__Exercise aim__
Copy out the entries below exactly as they stand, but only from the line containing "[BUNJANG] Fendi Zucchino" through the line containing "Bakan Yerlikaya İzmir'de".

__Source data__

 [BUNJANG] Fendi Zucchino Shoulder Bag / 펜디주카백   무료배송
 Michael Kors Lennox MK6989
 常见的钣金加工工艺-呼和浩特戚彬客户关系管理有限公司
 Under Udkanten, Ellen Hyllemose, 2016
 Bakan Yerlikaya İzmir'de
--
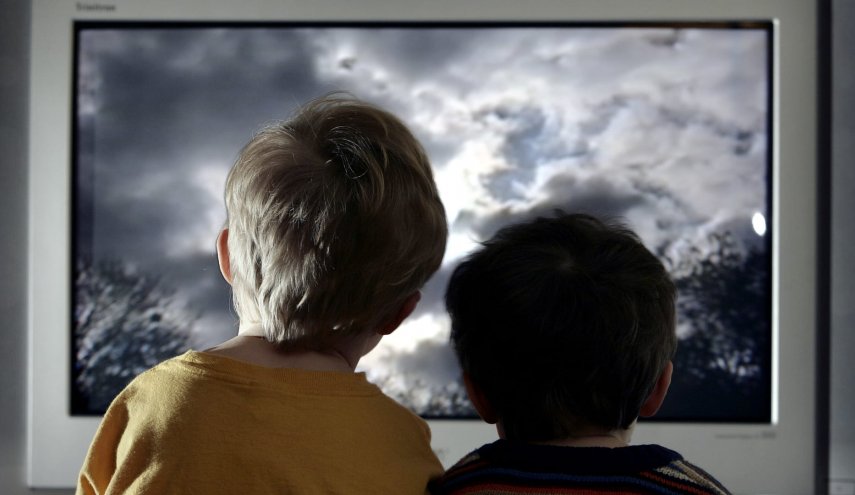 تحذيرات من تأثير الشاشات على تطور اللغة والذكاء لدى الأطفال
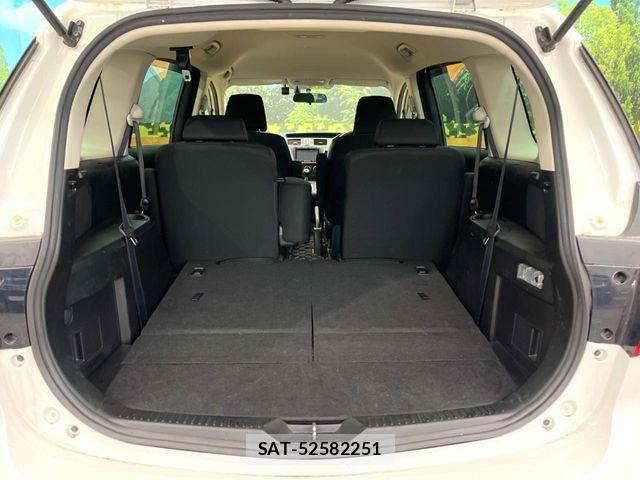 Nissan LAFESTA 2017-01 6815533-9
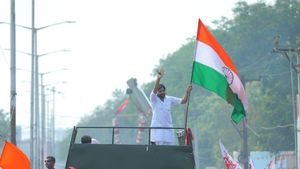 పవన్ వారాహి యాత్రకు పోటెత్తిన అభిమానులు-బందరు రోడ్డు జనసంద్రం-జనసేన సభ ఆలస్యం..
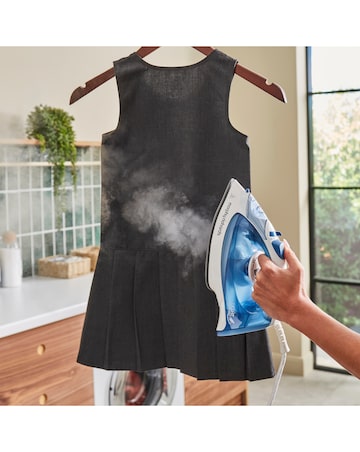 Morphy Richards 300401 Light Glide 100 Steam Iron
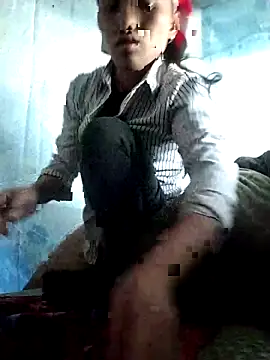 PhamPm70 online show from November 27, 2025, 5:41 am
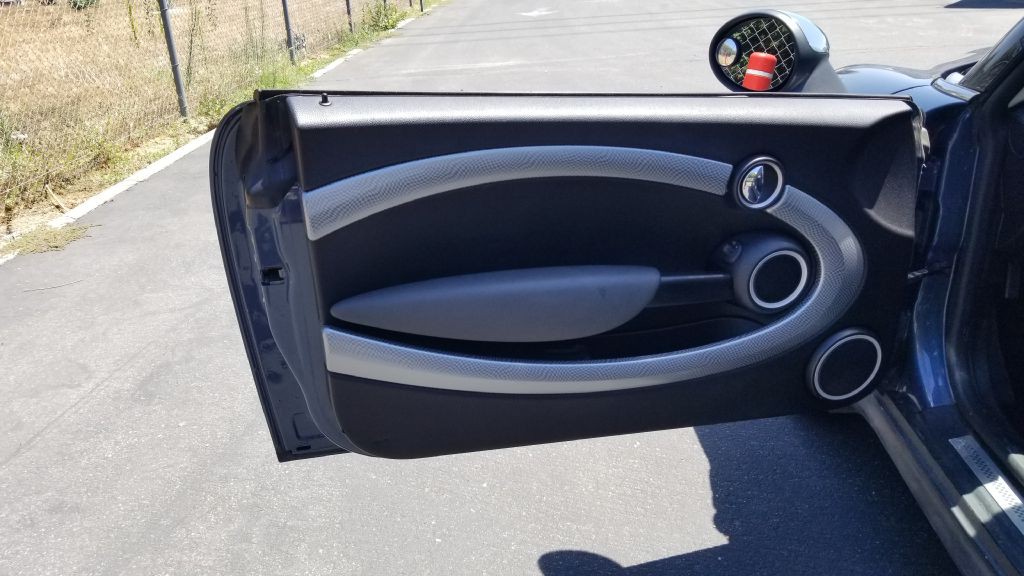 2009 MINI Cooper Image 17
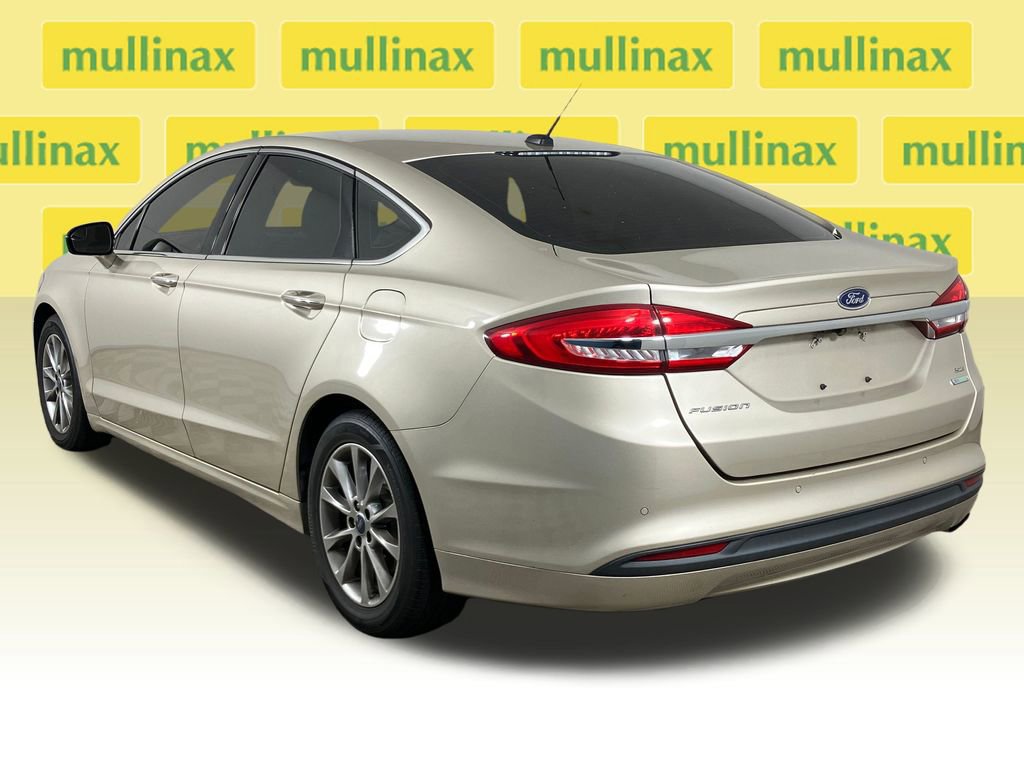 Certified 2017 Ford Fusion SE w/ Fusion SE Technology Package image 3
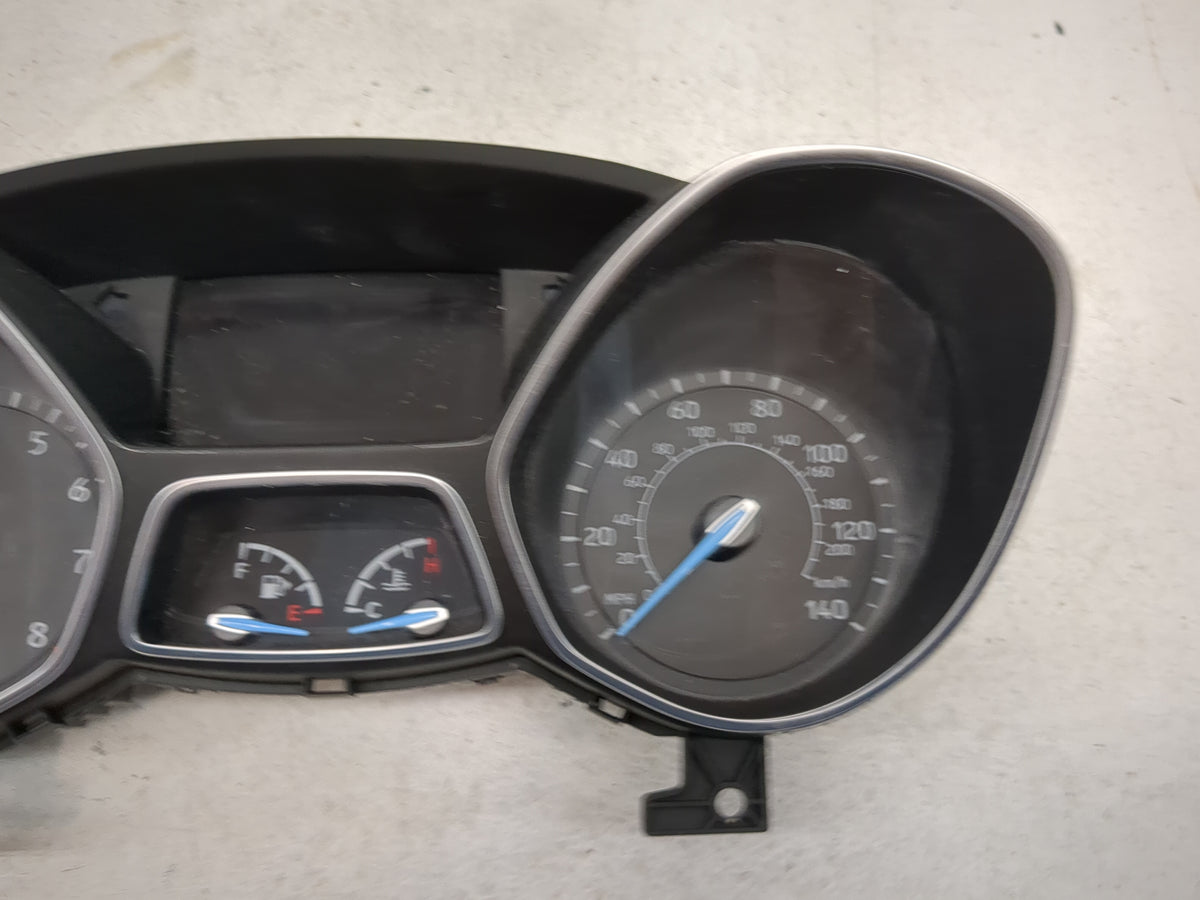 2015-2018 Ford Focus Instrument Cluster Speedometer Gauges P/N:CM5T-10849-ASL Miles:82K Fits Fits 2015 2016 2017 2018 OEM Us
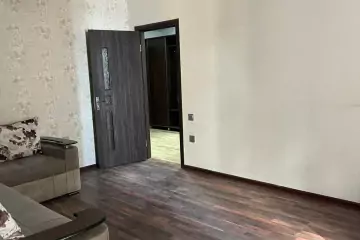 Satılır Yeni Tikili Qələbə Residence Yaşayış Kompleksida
--
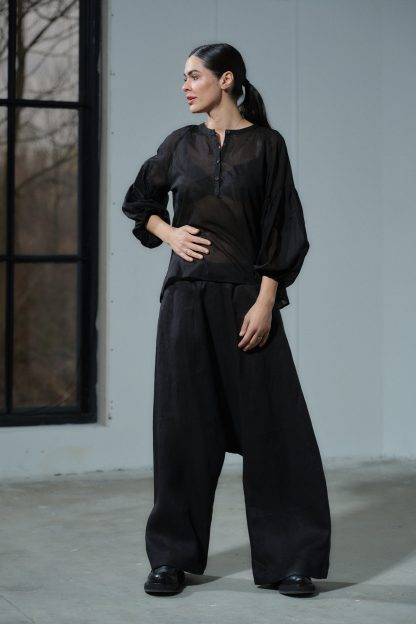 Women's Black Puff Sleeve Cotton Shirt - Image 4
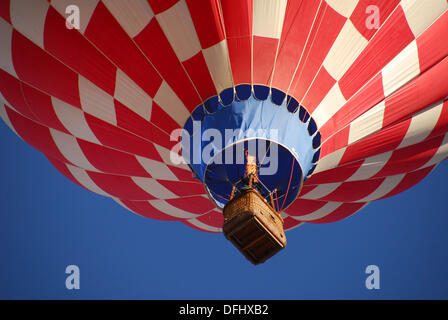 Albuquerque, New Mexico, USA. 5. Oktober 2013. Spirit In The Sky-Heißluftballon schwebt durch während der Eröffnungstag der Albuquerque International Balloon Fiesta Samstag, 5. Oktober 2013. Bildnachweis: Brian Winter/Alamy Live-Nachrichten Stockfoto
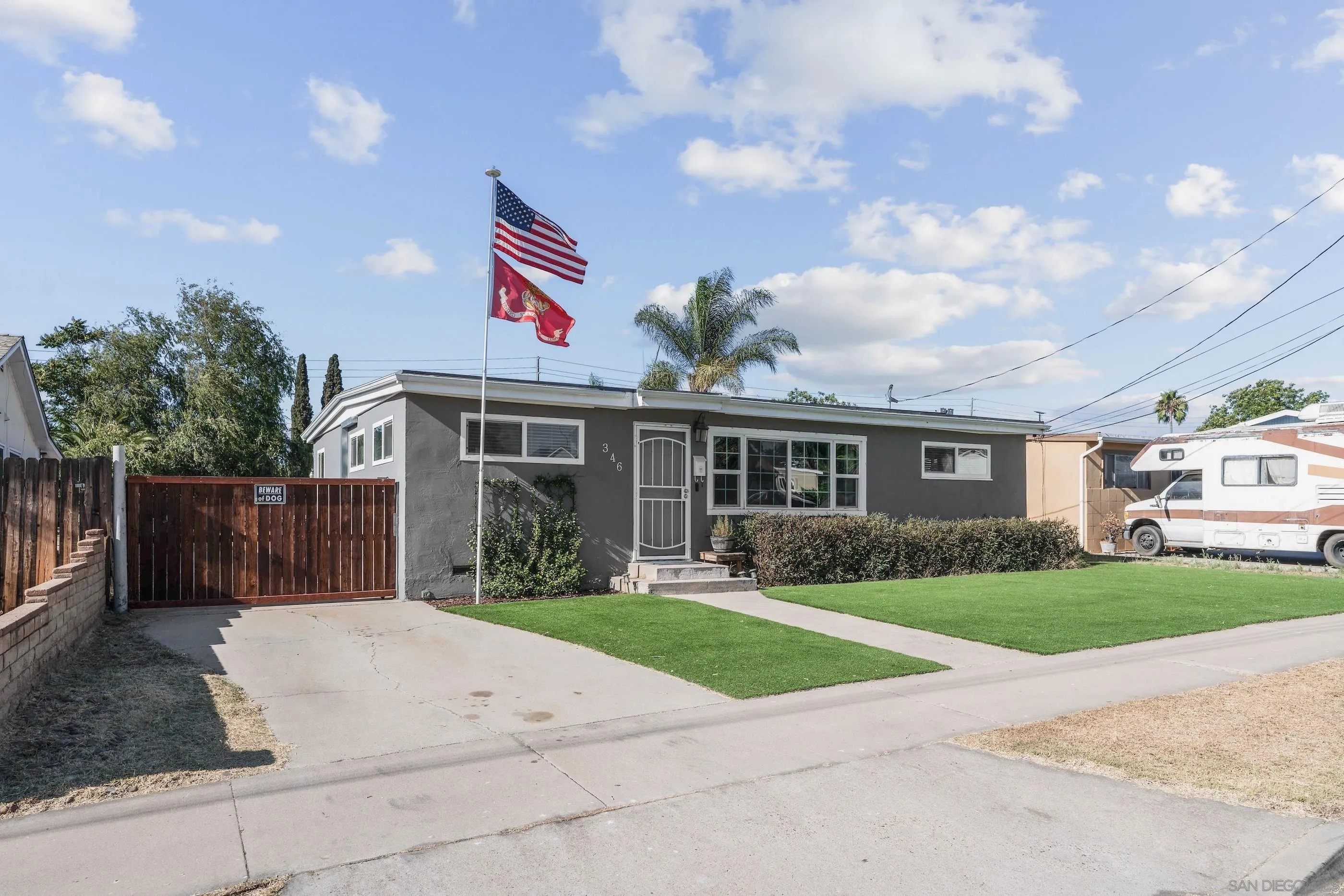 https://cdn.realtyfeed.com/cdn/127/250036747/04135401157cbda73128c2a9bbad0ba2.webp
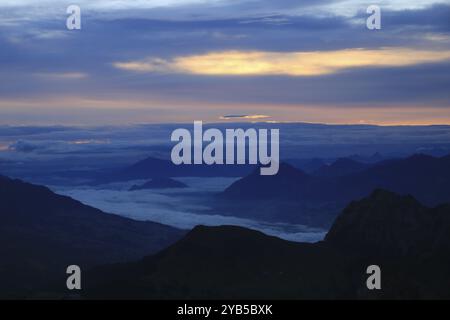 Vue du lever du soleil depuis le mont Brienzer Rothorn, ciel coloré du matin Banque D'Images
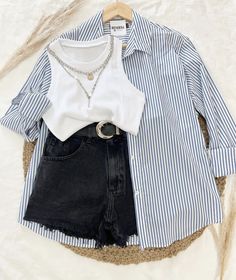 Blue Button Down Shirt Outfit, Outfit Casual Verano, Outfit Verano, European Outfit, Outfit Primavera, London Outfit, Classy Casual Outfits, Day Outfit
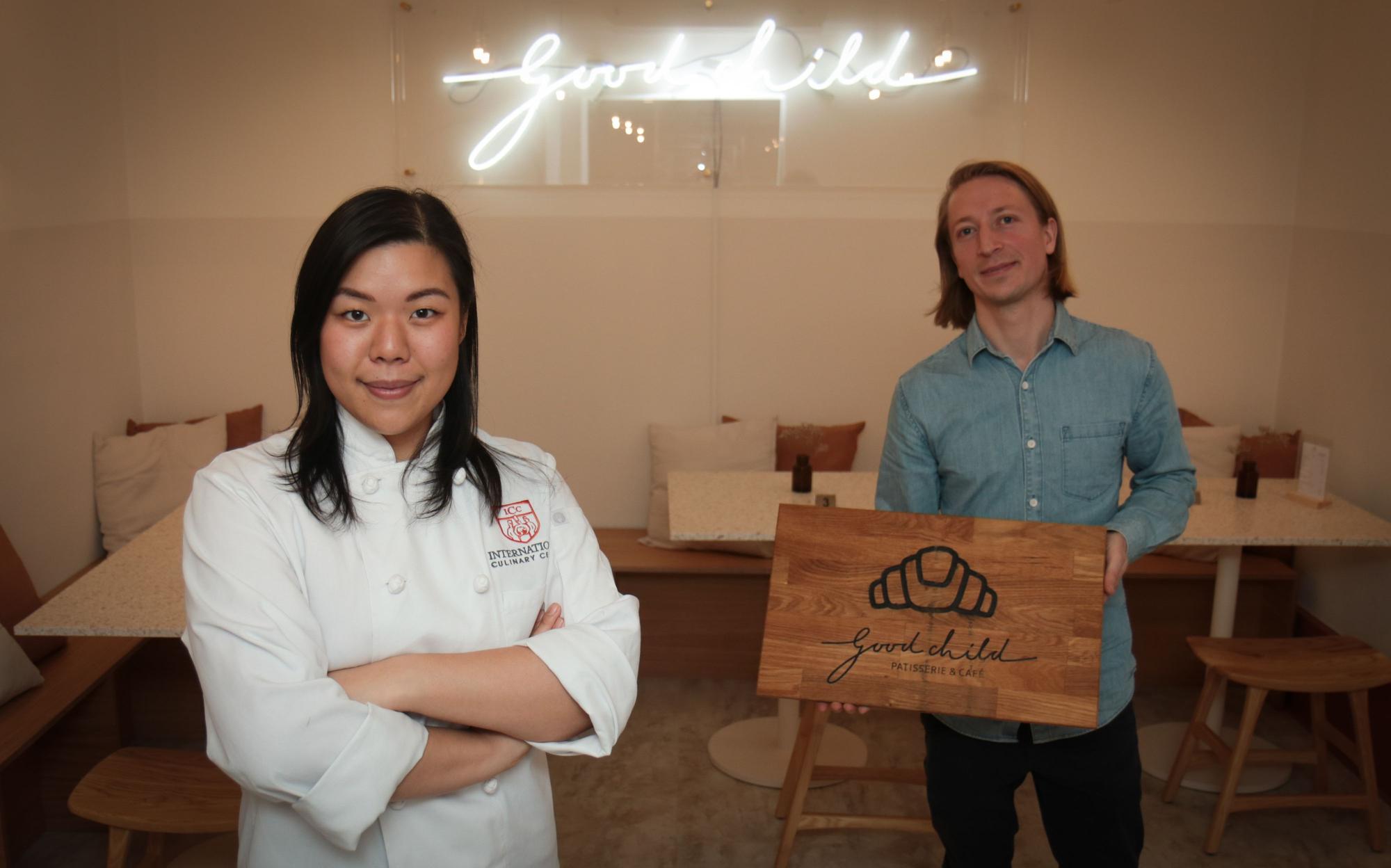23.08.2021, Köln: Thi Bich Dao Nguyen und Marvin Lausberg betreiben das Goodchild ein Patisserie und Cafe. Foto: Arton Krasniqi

__Problem solution__
 [BUNJANG] Fendi Zucchino Shoulder Bag / 펜디주카백   무료배송
 Michael Kors Lennox MK6989
 常见的钣金加工工艺-呼和浩特戚彬客户关系管理有限公司
 Under Udkanten, Ellen Hyllemose, 2016
 Bakan Yerlikaya İzmir'de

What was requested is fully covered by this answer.